=== Section Start ===

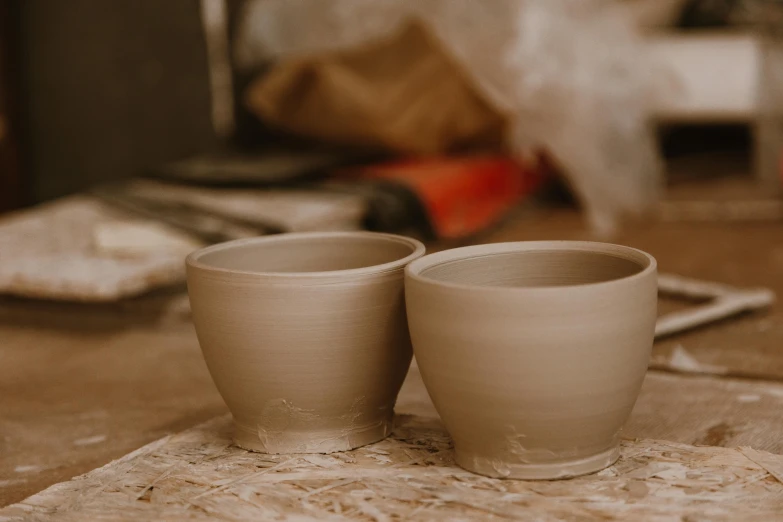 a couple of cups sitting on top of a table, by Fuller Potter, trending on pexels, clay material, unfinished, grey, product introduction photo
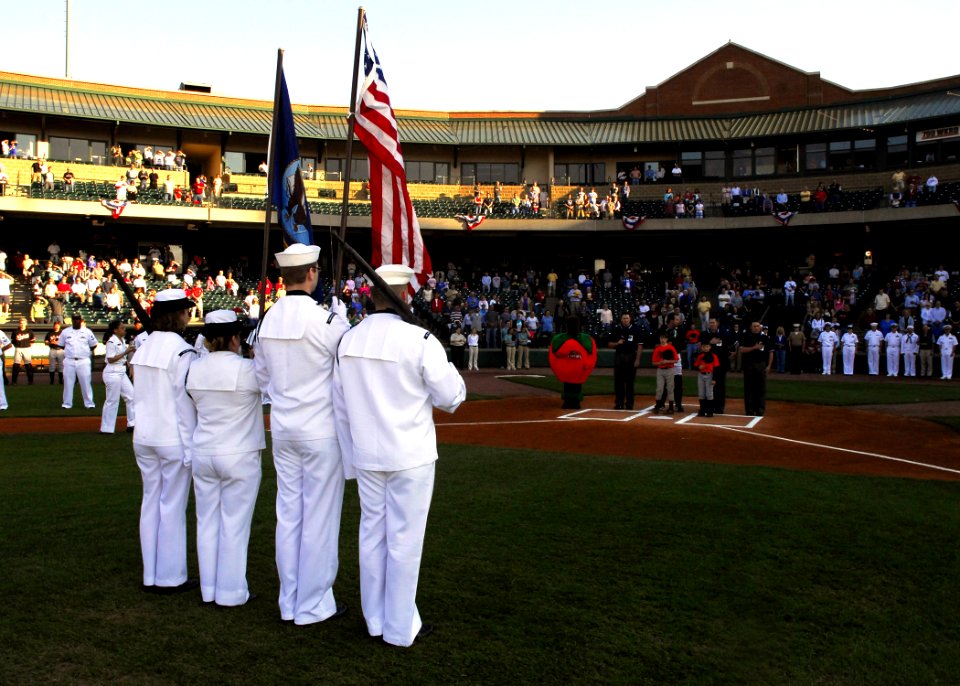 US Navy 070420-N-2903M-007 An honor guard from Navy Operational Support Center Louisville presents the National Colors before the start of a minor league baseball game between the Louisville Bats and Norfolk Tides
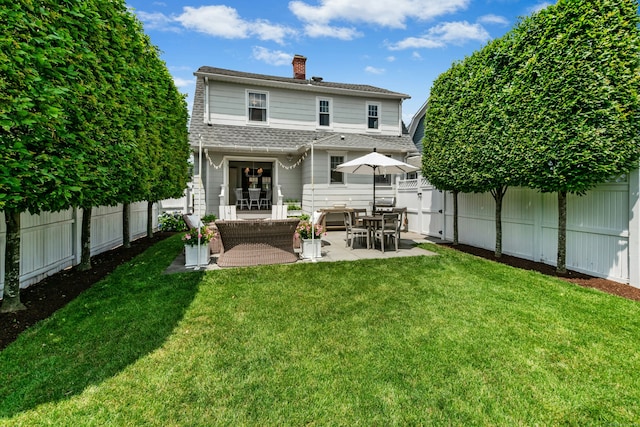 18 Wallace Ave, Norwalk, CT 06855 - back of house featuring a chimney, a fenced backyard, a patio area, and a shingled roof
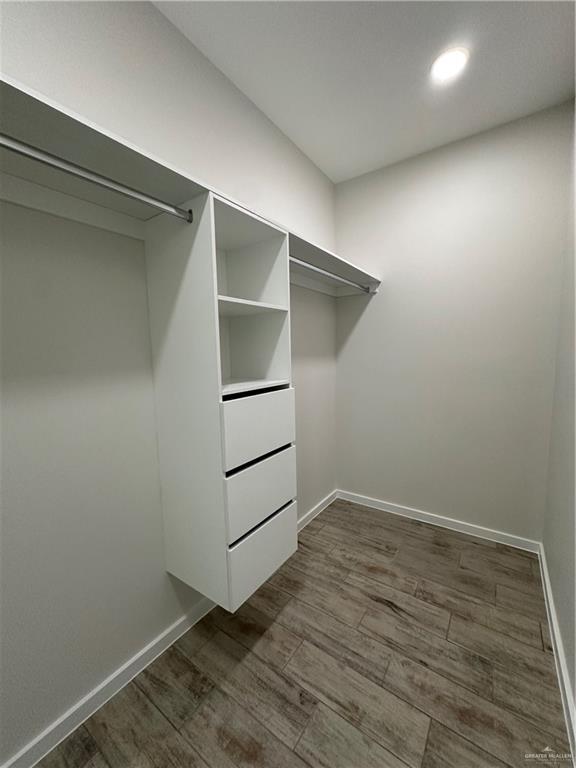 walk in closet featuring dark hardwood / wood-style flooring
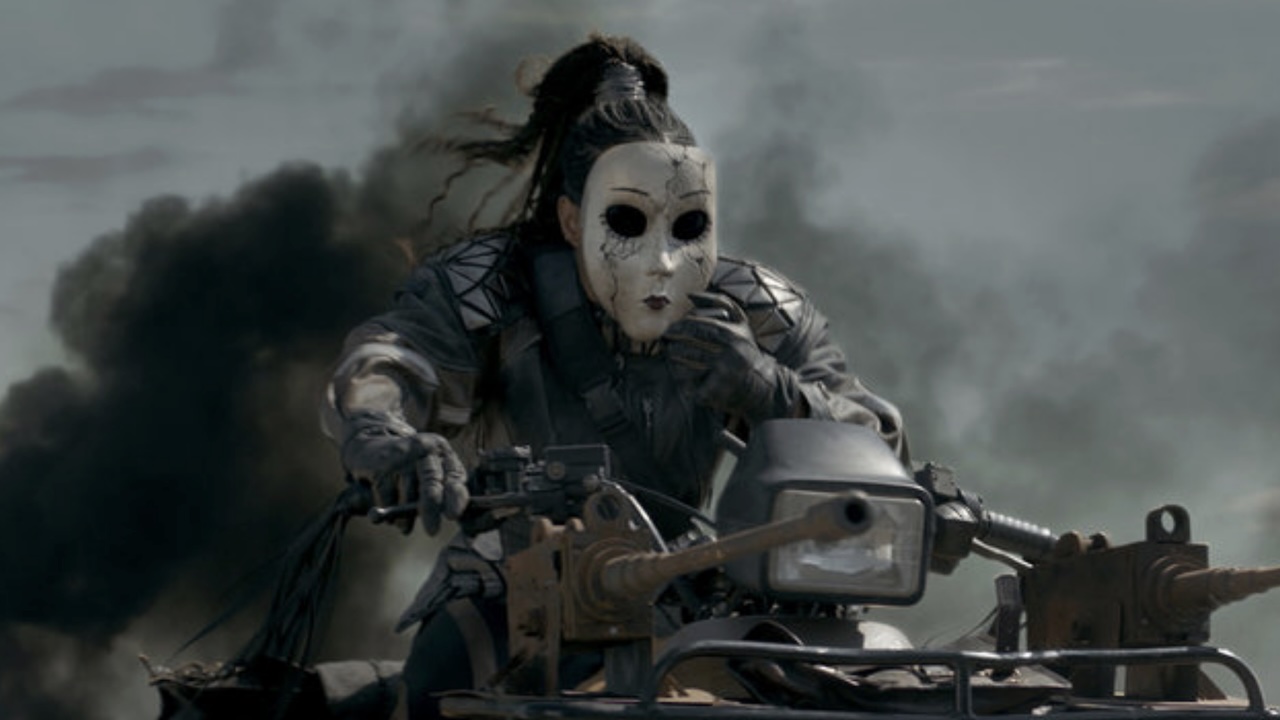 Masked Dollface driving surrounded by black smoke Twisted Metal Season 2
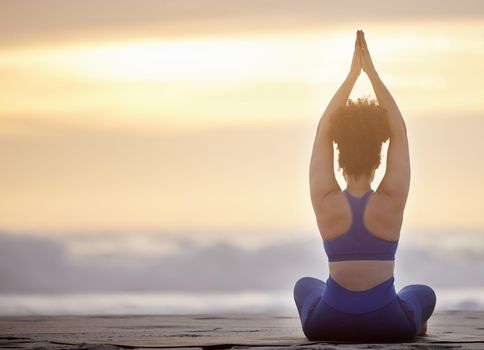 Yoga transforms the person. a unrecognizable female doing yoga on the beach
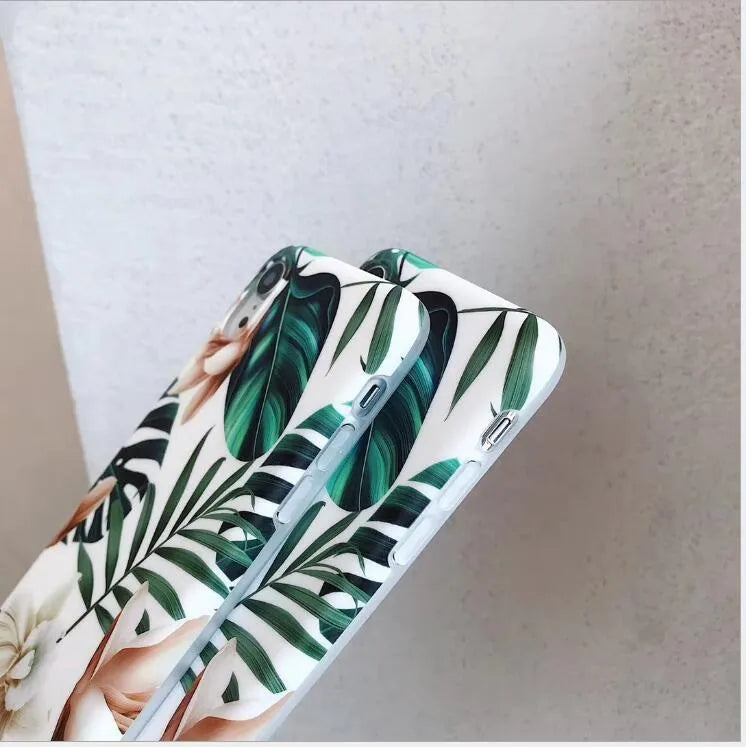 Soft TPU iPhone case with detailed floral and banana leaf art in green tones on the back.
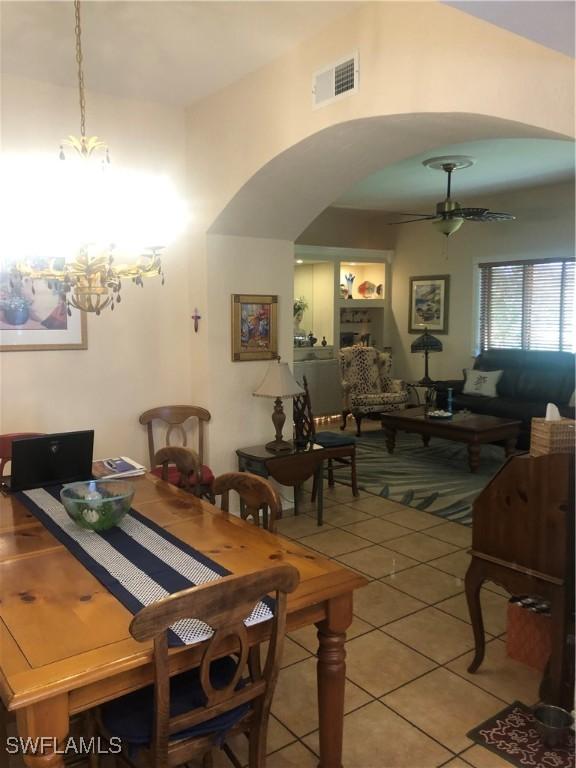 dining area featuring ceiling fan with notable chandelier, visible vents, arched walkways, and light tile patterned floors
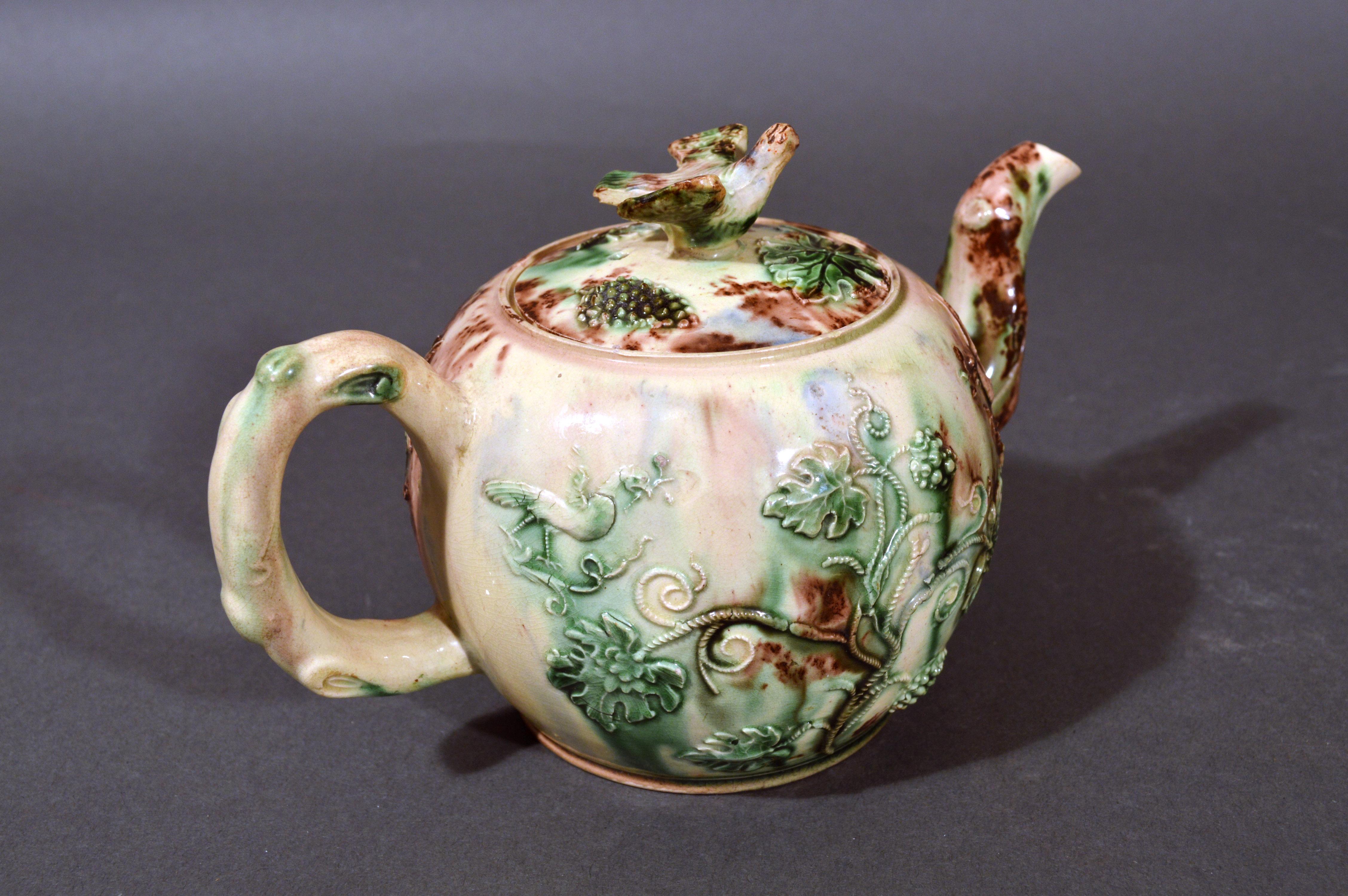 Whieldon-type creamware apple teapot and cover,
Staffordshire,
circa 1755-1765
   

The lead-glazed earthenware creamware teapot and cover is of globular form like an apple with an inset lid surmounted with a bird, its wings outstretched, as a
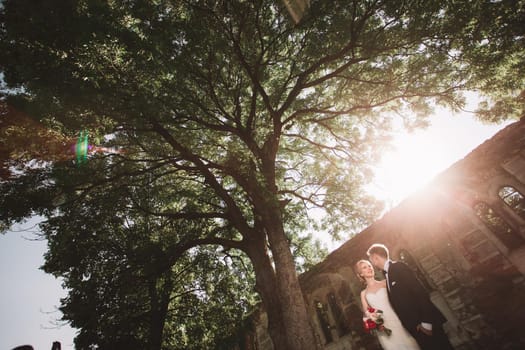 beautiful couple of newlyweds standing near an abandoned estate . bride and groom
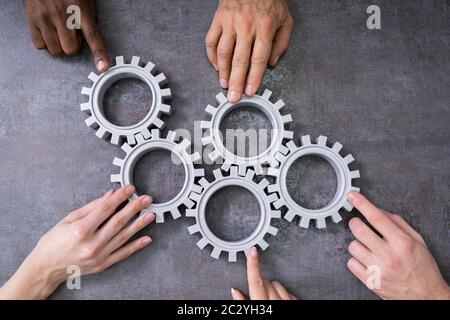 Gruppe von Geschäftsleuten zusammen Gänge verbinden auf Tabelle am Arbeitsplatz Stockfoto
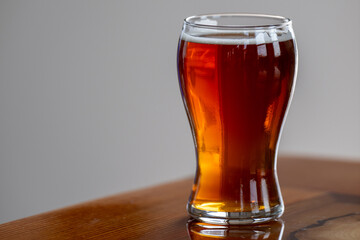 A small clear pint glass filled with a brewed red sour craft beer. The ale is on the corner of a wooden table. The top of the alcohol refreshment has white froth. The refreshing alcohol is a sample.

=== Section End ===

REQUIRED WORK: Retype the records above exactly, pictures omitted.

TASK ANSWER:
 a couple of cups sitting on top of a table, by Fuller Potter, trending on pexels, clay material, unfinished, grey, product introduction photo
 US Navy 070420-N-2903M-007 An honor guard from Navy Operational Support Center Louisville presents the National Colors before the start of a minor league baseball game between the Louisville Bats and Norfolk Tides
 18 Wallace Ave, Norwalk, CT 06855 - back of house featuring a chimney, a fenced backyard, a patio area, and a shingled roof
 walk in closet featuring dark hardwood / wood-style flooring
 Masked Dollface driving surrounded by black smoke Twisted Metal Season 2
 Yoga transforms the person. a unrecognizable female doing yoga on the beach
 Soft TPU iPhone case with detailed floral and banana leaf art in green tones on the back.
 dining area featuring ceiling fan with notable chandelier, visible vents, arched walkways, and light tile patterned floors
 Whieldon-type creamware apple teapot and cover,
Staffordshire,
circa 1755-1765
   

The lead-glazed earthenware creamware teapot and cover is of globular form like an apple with an inset lid surmounted with a bird, its wings outstretched, as a
 beautiful couple of newlyweds standing near an abandoned estate . bride and groom
 Gruppe von Geschäftsleuten zusammen Gänge verbinden auf Tabelle am Arbeitsplatz Stockfoto
 A small clear pint glass filled with a brewed red sour craft beer. The ale is on the corner of a wooden table. The top of the alcohol refreshment has white froth. The refreshing alcohol is a sample.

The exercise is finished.